**Source data:**
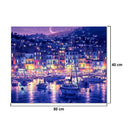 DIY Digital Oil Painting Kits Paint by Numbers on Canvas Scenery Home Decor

...

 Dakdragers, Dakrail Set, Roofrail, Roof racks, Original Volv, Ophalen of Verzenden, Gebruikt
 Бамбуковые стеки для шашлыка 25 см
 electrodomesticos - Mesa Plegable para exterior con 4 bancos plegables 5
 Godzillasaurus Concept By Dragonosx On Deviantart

**Exercise aim:** Using only the entries above, output the line with "electrodomesticos - Mesa", the line with "Godzillasaurus Concept By", and all lines between them, exactly as they stand.

**Output of the exercise:**
 electrodomesticos - Mesa Plegable para exterior con 4 bancos plegables 5
 Godzillasaurus Concept By Dragonosx On Deviantart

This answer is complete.